**GOAL OF THE EXERCISE**: Restate word for word the lines of the records below, starting at the line that contains "Photo by patinathunderdome" and ending at the line that contains "1940 Ford Woody", with both of those lines included and nothing else.

**DATASET ENTRIES**:
============

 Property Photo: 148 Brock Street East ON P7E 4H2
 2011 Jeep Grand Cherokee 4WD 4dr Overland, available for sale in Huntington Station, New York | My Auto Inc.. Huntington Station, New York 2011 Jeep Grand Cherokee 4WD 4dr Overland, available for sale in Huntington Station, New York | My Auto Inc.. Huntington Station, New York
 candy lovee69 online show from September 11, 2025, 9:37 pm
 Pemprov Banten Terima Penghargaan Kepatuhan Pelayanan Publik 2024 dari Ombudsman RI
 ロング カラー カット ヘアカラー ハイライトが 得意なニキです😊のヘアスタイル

============

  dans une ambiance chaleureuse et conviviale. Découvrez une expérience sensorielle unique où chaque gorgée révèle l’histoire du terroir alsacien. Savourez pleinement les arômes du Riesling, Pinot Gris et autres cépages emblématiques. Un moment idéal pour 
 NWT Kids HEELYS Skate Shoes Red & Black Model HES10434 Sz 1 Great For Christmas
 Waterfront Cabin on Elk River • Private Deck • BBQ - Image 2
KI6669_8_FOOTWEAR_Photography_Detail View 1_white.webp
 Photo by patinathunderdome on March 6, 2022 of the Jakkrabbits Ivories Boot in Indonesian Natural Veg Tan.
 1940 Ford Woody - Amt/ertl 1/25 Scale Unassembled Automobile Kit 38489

============

**EXERCISE RESPONSE**:
 Photo by patinathunderdome on March 6, 2022 of the Jakkrabbits Ivories Boot in Indonesian Natural Veg Tan.
 1940 Ford Woody - Amt/ertl 1/25 Scale Unassembled Automobile Kit 38489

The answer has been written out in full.